Lance Ware had a juggernaut.
Ware, an Appalachian State graduate, inherited a strong high-school program at Shelby in 2011. He helped the Golden Lions rattle off 99 victories and five state championships during his eight seasons as head coach at his high school alma mater.
Ware said Tuesday that with the pieces coming back, he could’ve stayed at Shelby and continued its dominance. But an opportunity to return to his college alma mater pulled him from a school he’d spent the past 22 seasons coaching, starting as an assistant.
Ware, 45, starts at App State today as the senior assistant to Coach Eliah Drinkwitz. After hopping in the car to beat the potential of ice and snow in Boone, Ware bellowed excitement. But that didn’t make it any easier to leave one place he loved for another.
“I didn’t want two or three years down the road to wonder what if,” Ware said. “I’ve never been one to kind of settle. I’ve always wanted to learn and get better, and I thought this was a great opportunity to do it at a place I was very familiar with.”
To weigh his decision of staying at Shelby or going to Appalachian, Ware leaned on two other coaches who made the shift to college football after winning at stellar clips on the prep level.
Clemson senior offensive assistant Kyle Richardson and South Carolina tight ends coach Bobby Bentley moved up in similar fashion during the past few years. Richardson helped Northwestern High School in Rock Hill, S.C., win three state championships from 2007 to 2015. That included a 58-14 record and two state championships as Trojans head coach from 2011 to 2015.
Bentley coached at Byrnes High School in Duncan, S.C., from 1995 to 2006 and then again for one season in 2013. He won four straight state titles from 2002 to 2006, winning 119 total games before becoming an offensive analyst for Auburn in 2014. Bentley joined the Gamecocks in 2015 as running backs coach.
They both provided similar opinions to Ware: Go for it and don’t second guess yourself.
“I feel great about the decision,” Ware said. “Talking to Coach Drinkwitz, what he stands for and his vision for the program, I think it’s a great opportunity.
“... I feel like I’m moving to that type of situation (like Shelby’s) as well at the college level. Lot of people I’m already familiar with, and I’m excited to get to work with them.”
Ware’s title is somewhat nebulous. He said that’s part of the design. It gives him a chance to impact the program he played for in many ways. Ware went to App State from 1992 to 1996, serving as the full-time long snapper for most of his career.
“I think he welcomes having another set of eyes on things, with him still technically being a play caller,” Ware said. “Involved in getting alumni, football alumni especially, back on campus, back involved. I think the high school relations deal will be part of it, with my relationships within the state.”
Ware sees this move as a natural transition. At Shelby, he was both football coach and athletics director. He said it gave him the experience to perform different tasks, much like his new App State job. More than anything, his time at Shelby taught him how to relate to players, parents and coworkers alike.

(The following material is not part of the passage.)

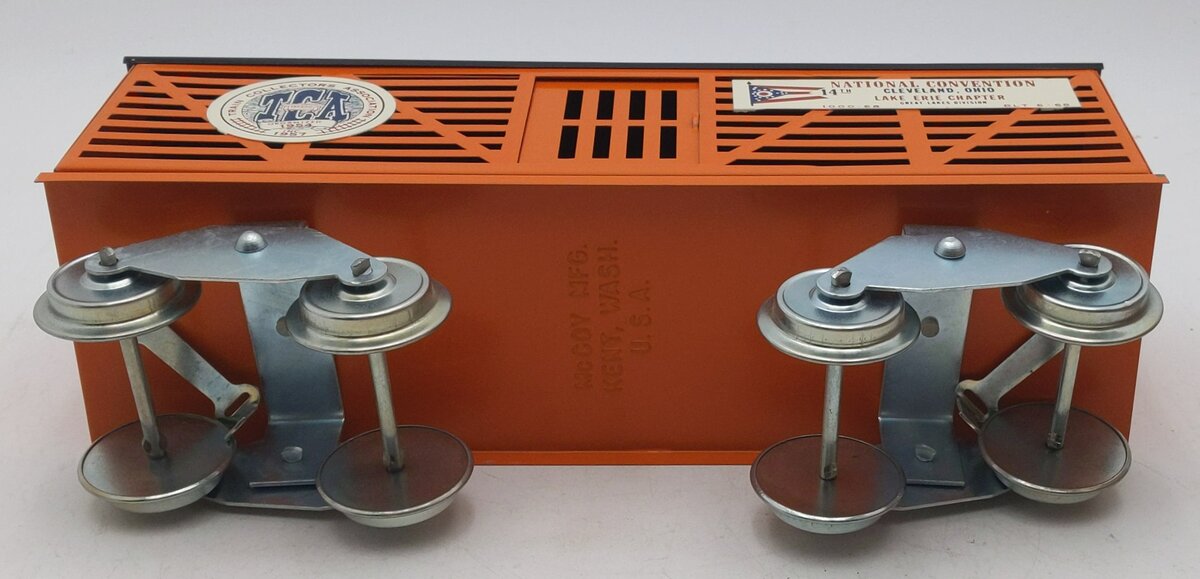 McCoy 1000-68 Standard gauge Cleveland Great Lakes Division Stock Car LN/Box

On Tuesday, Ware packed enough clothes for three days and made his way up the mountain. In the short term, he’ll bounce around while his wife and kids finish the school year in Shelby. But he gets to both replicate and enhance the experience he had in Boone for App State’s current roster.
“It comes down to seeing the big picture,” Ware said. “Preparing guys for life after football, getting the most out of their experience while they’re at Appalachian State because that’s what I remember the most about it is the people and the great times we had there.
“You want to create those lifelong memories for others that can experience that as well.”